— THE PROBLEM —
Beginning with the line where "16807 80 Avenue, Edmonton, AB" appears, set down each line exactly until the records below end, and omit the pictures.

— DATA EXCERPTS —
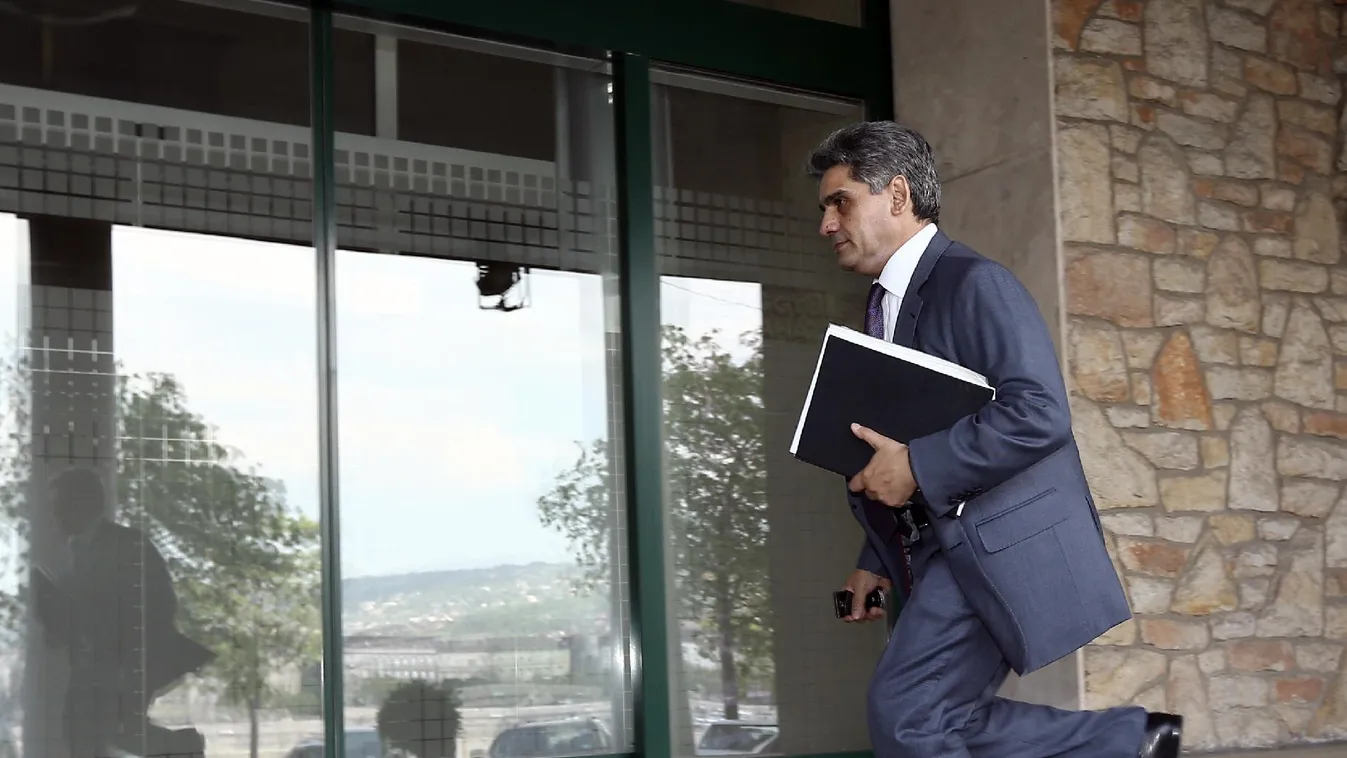 Farkas Flórián elárulta, hogy hol érettségizett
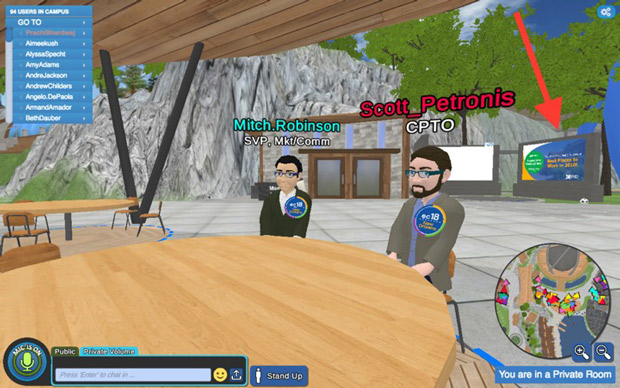 Tôi và hai “hướng dẫn viên” ngồi vào chiếc bàn gần đó để trò chuyện về "trụ sở"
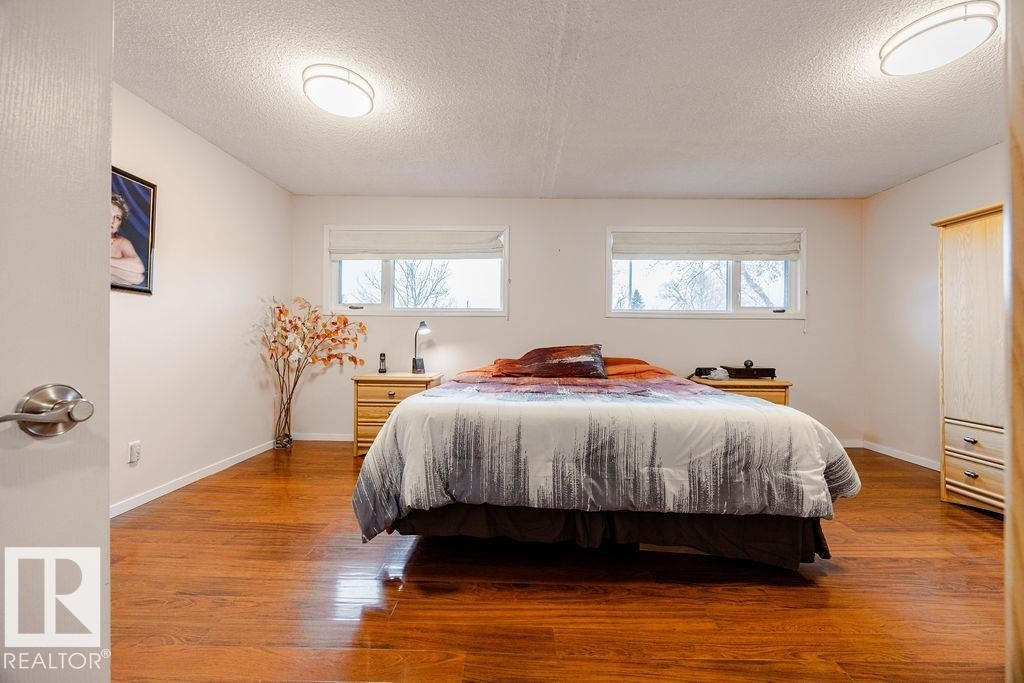 16807 80 Avenue, Edmonton, AB - Indoor Photo Showing Bedroom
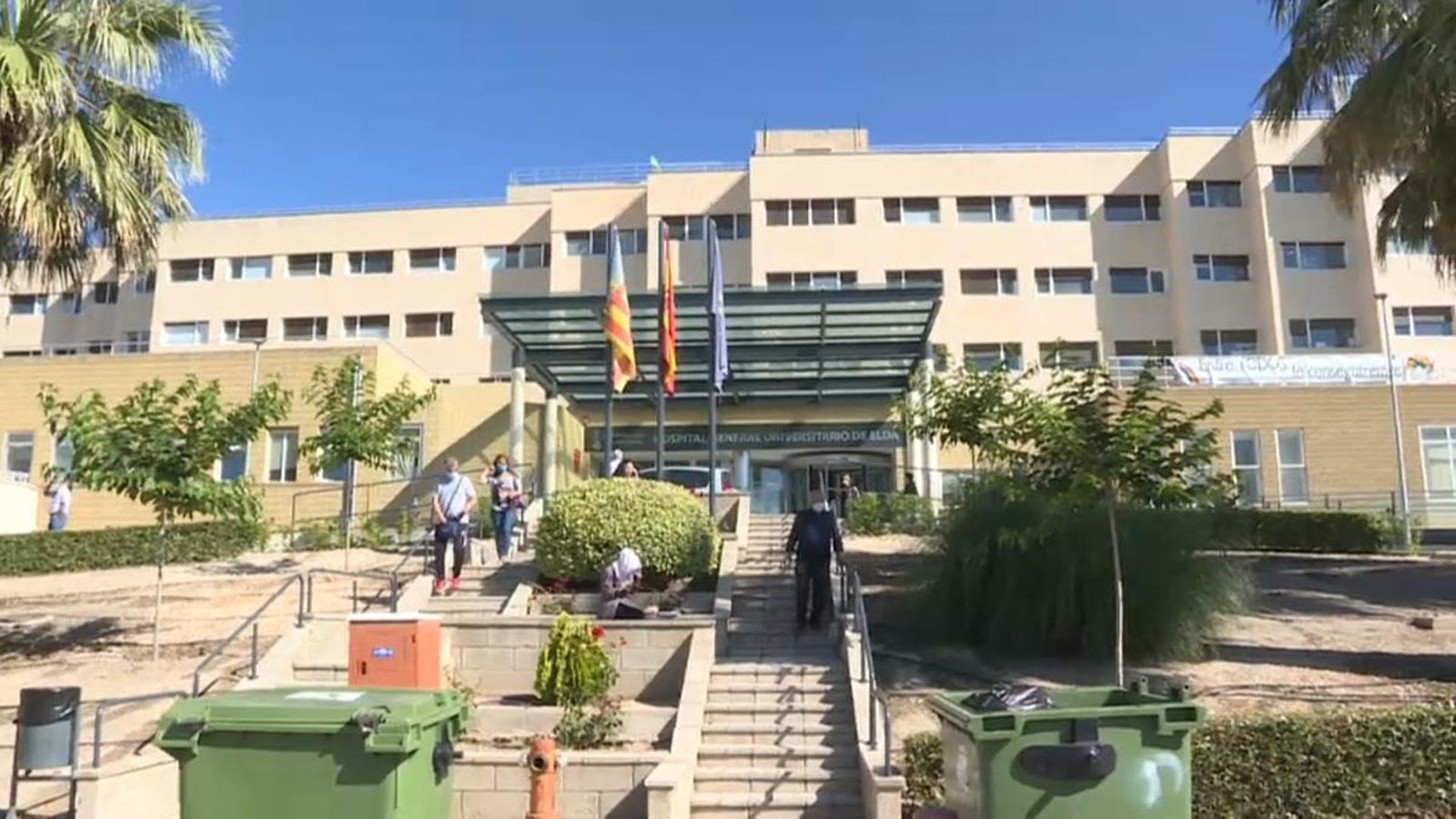 Façana principal de l'hospital d'Elda, on va acudir el menor amb son pare per vòmits i mal de panxa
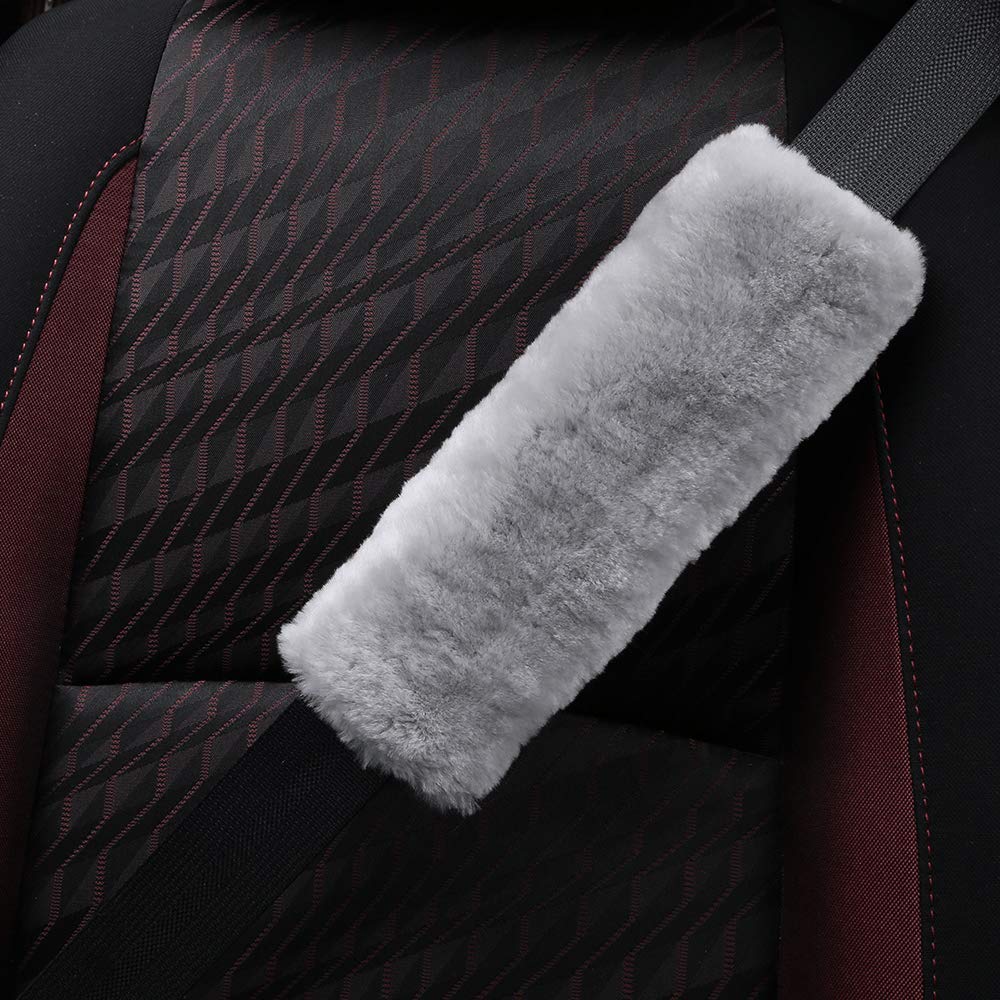 OGLAND close-up shows fluffy wool texture and plush comfort on the pad.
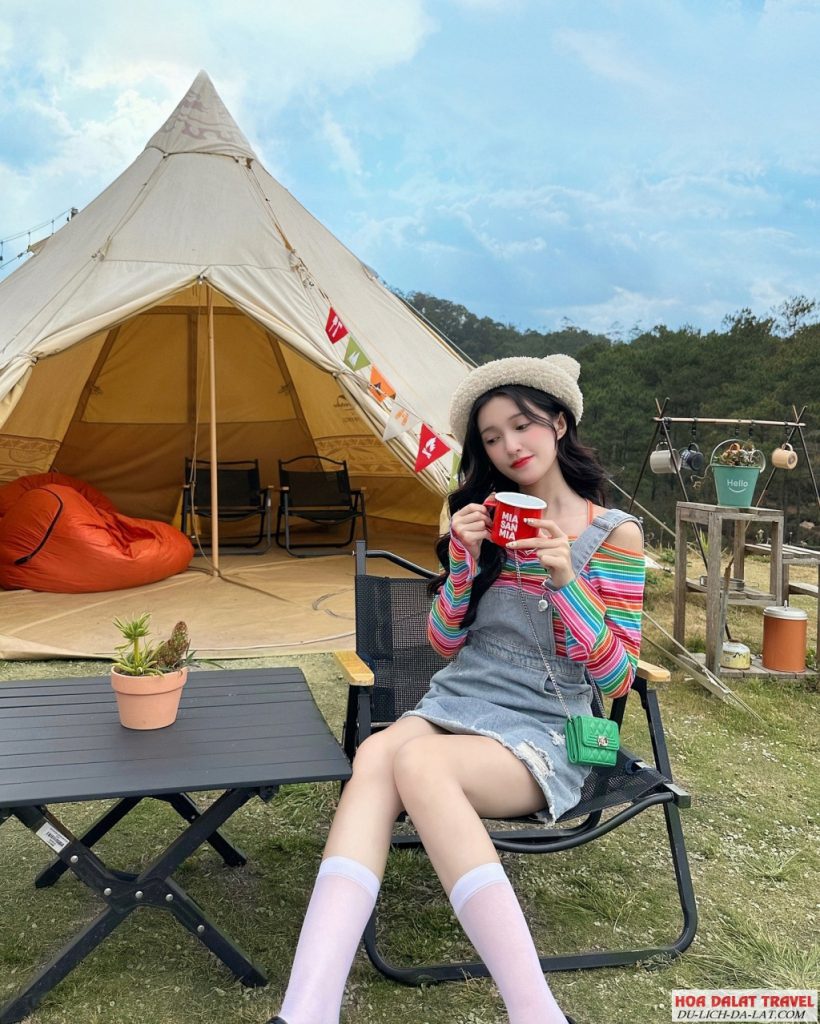 Makakamp Coffee là mô hình kết hợp cà phê và cắm trại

— WORKED SOLUTION —
 16807 80 Avenue, Edmonton, AB - Indoor Photo Showing Bedroom
 Façana principal de l'hospital d'Elda, on va acudir el menor amb son pare per vòmits i mal de panxa
 OGLAND close-up shows fluffy wool texture and plush comfort on the pad.
 Makakamp Coffee là mô hình kết hợp cà phê và cắm trại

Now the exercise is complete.